Firstly, what is a K-1?

A K-1 form is a federal tax document used to report income, losses, and dividends for various entities and individuals. Here are the key points about Schedule K-1:

  1. Purpose:

    • Schedule K-1 is used to report financial information from pass-through entities (such as partnerships, S corporations, trusts, and estates) to their partners, shareholders, or beneficiaries.
    • These entities do not directly pay corporate tax on their income; instead, they shift the tax liability (along with most of their income) to their stakeholders.
  2. Who Receives K-1s:

    • Business partners, S corporation shareholders, and investors in limited partnerships and certain exchange-traded funds (ETFs) use Schedule K-1 to report their earnings, losses, and dividends.
    • Each relevant individual (partner, shareholder, or beneficiary) receives a separate K-1 form.
  3. Reporting Details:

    • The K-1 form tracks each participant’s basis (ownership stake) in the enterprise.
    • It reports the participant’s share of the business entity’s gains, losses, deductions, credits, and other distributions (whether or not they’re actually distributed).
  4. Similar to Form 1099:

    • Schedule K-1 is similar to Form 1099 in that it reports dividends, interest, and other annual returns from investments.
    • Investments such as master limited partnerships (MLPs), real estate limited partnerships (RELPS), and certain ETFs routinely issue K-1s.
  5. Issuance Deadline:

    • Schedule K-1s should be issued to taxpayers no later than March 15 or the third month after the end of the entity’s fiscal year.

K-1 forms are unfortunately often sent out by entities after the deadline. 

If you receive a K-1 after already filing your taxes for 2023, here’s what you should consider:

  • No Changes: If the K-1 does not generate any changes in your refund or tax due from the original return, you typically do not need to file an amendment.

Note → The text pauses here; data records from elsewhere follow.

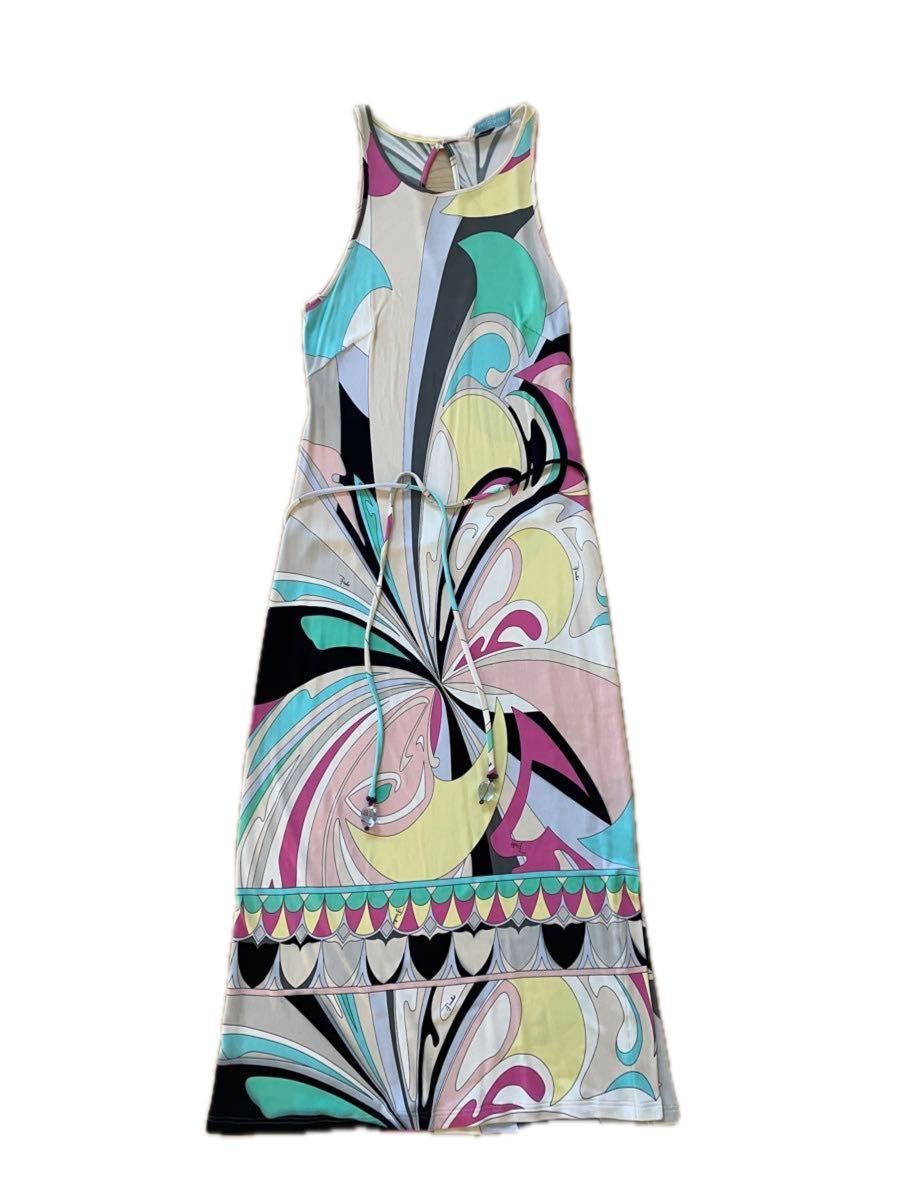 EMILIO PUCCI エミリオプッチ ワンピース ノースリーブ 34 EMILIO PUCCI エミリオプッチ ワンピース ノースリーブ 34
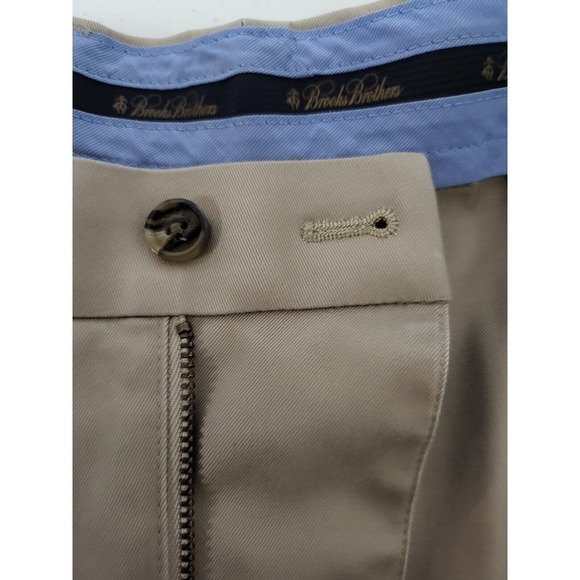 Brook's Brothers Mens Pleated Khaki Shorts Casual Summer Chino Golf Walking - Picture 7 of 10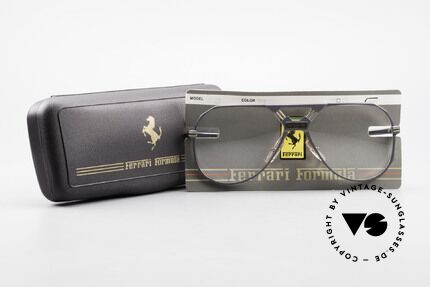 Ferrari F23 Formel 1 Ferrari Brille 90er, Größe: large, Passend für Herren
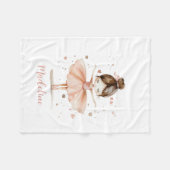 Ballerina Personalisiert Name Girly Fleecedecke (Vorderseite (Horizontal))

In other words, if the K-1 doesn’t alter your tax situation, there’s typically no need to amend your return.

  • Received a Refund: If you’ve already received a refund based on your original return, you can wait until you receive the K-1. If the K-1 doesn’t impact your tax liability, no further action is typically necessary.

  • No Refund Yet: If you haven’t received a refund yet, you can file an extension using Form 4868 (Application for Automatic Extension of Time to File U.S. Income Tax Return).

Remember, it’s essential to assess whether the K-1 affects your tax situation before deciding whether to amend your return. If in doubt, consult a financial/tax professional to ensure compliance with IRS guidelines.